An Anglophile who favoured kilts, knickerbockers and spats, and lived in a pseudo-English country house, Marland was a frequent visitor to London, where, in the spring of 1926, he paid a call on HBC Governor Charles Vincent Sale.  Marland had a proposition: he would provide the technical expertise, cover all exploration expenses, and pay out a royalty on any oil or gas produced in return for a-25 year option to lease any parcel of land over which HBC held mineral rights for drilling purposes.  Eager to diversify HBC’s business Sale and the Committee agreed and Hudson’s Bay Marland Oil was born.  When Marland’s extravagant lifestyle caught up with him in 1929, he was forced to sell out to Continental Oil.  Continental, in its turn, formed Hudson’s Bay Oil & Gas (HBOG) as a joint partnership with HBC, which retained a 25% stake.  Marland himself carried on an extraordinary career, serving as a Congressman from 1933 to 1935 and Oklahoma’s 10th Governor from 1935-1939.


Hudson’s Bay Oil & Gas

HBOG Propane tank car at a Company operated loading terminal, ca. 1970, HBOG 1971 Annual Report

The depression was tough on Hudson’s Bay Oil & Gas, so much so that HBC’s new General Manager for Canada, Philip Chester, tried unsuccessfully to sell off the Company’s stake.  Instead, in 1931 HBC simply suspended further investment in HBOG.  In 1934 HBOG entered into an agreement with Imperial Oil subsidiary Northwest to permit Northwest to explore the Company’s holdings in exchange for a 50% share of any findings.  This was subsequently renewed until 1951.  In the early 1940s HBC’s investment in HBOG was reactivated and by the spring of 1943 the firm owned a dozen wells in Alberta’s Turner Valley, over 10% of the field’s production.   Over the next decade HBC would invest over $8 million in exploration and HBOG would hold over 4.3 million acres of known gas reserves, and over 80 producing wells.  By the late 1960s HBOG was Canada’s 3rd largest oil and gas producer, with 1,606 wells ad 11.2 millions acres under licence.  Earnings were twice those of HBC and equity worth four times as much.

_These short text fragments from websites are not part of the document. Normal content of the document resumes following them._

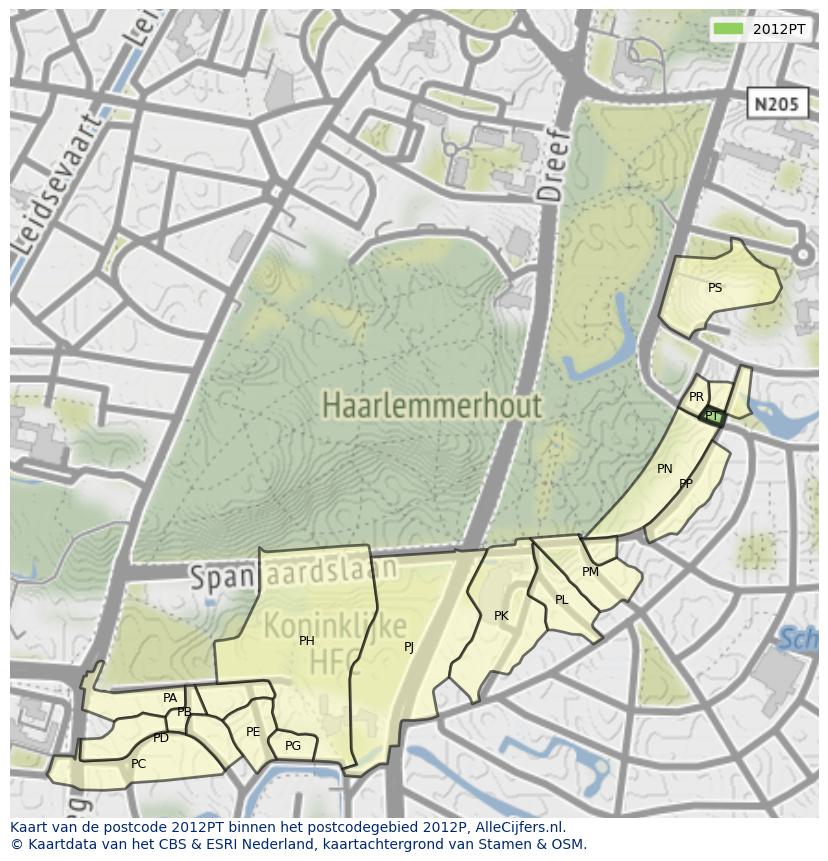 Afbeelding van het postcodegebied 2012 PT op de kaart.
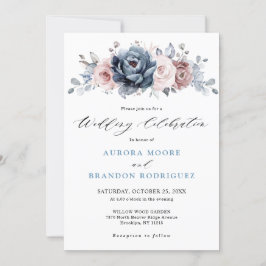 Invitación Rosa Dusty Blue Mauve Boda Floral de pizarra rosa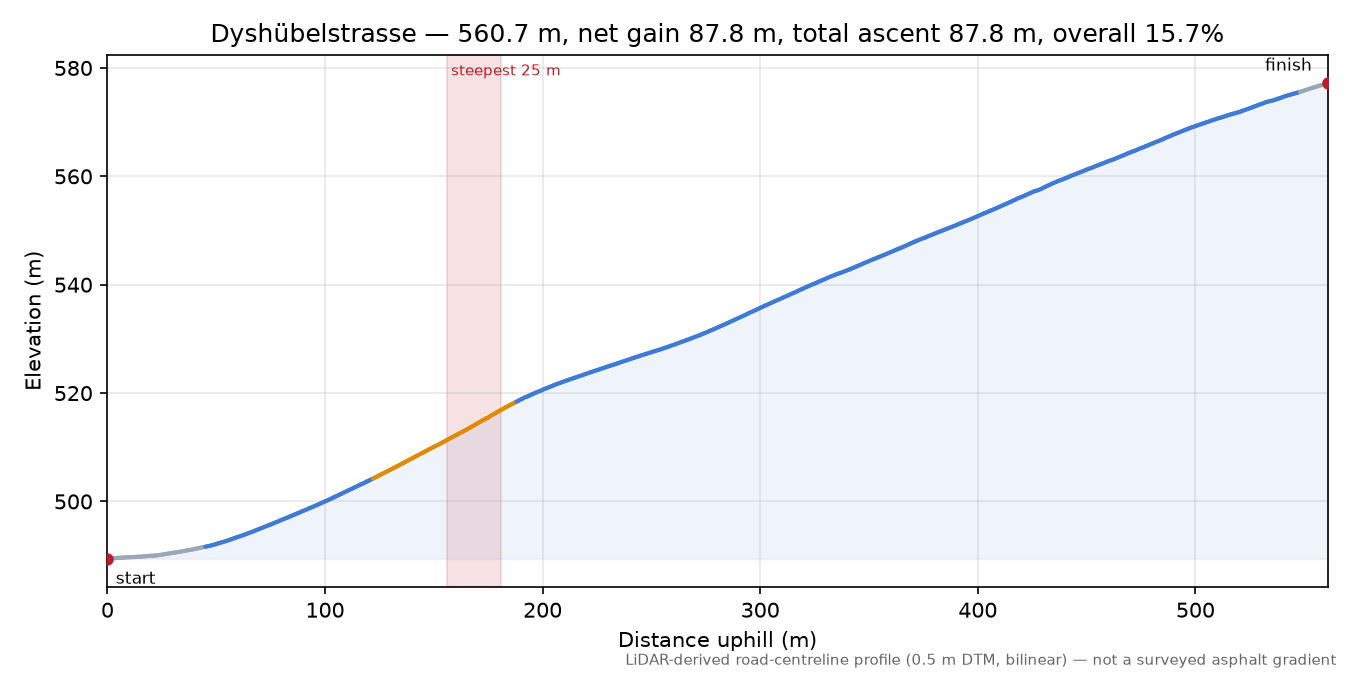 Dyshübelstrasse elevation profile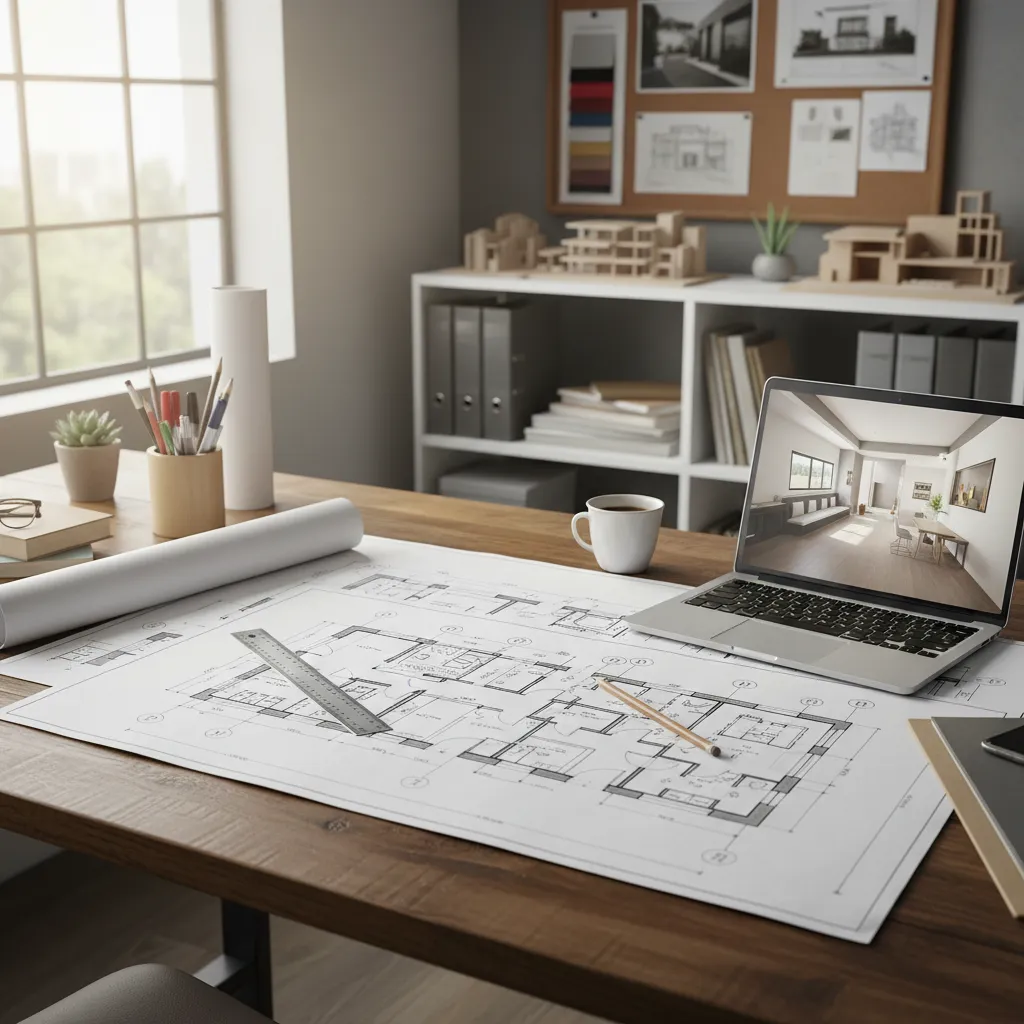 Plano técnico de distribución de un apartamento sobre mesa de trabajo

In 1973 HBC acquired a stake in Siebens Oil & Gas, a company with a large exploration activity in the North Sea, financed by a swap of HBC’s mineral rights income in return for 3.2 million Siebens shares – or 35% of the company.  Siebens got much needed cash and HBC got a stake in the potentially lucrative North Sea.  In 1979 HBC sold its stake on to Dome Petroleum for $123 million of preferred shares.  The following year HBC acquired its last petroleum investment, Roxy Petroleum.


Exiting the Business

Hudson’s Bay Oil and Gas 1975 Annual Report Cover

By the early 1980s it was clear that HBC was over-extended and heavily in debt.  A decision to consolidate and focus on core business led HBC to dispose of non-retail assets.  The HBOG share was finally sold to Dome Petroleum in 1981. Dome had acquired 53% of HBOG from Conoco, as Continental was now known.  But its debt load was so large that it needed to capture all the minority shareholders, of which HBC’s 10.1% stake was the largest, in order to gain access to the company’s cash flow.  The sale was a complicated deal whereby HBC received 7.7 million shares of preferred stock valued at a fixed price of $57.50 per share, redeemable any time up to Dec. 31, 1984.  HBC exercised its option in 1983, realizing $455 million in much-needed cash.  Dome never recovered from its massive debt load and was finally sold to Amoco in 1989.  Today it is a wholly-owned subsidiary of Amoco Canada Petroleum Company, itself a wholly-owned subsidiary of Amoco Corporation.  

And what of Roxy? The sale of Roxy Petroleum to Westcoast Transmission in 1987 for $82 million marked the end of HBC’s foray into the oil business, after sixty-one years on the boom and bust oil & gas roller coaster.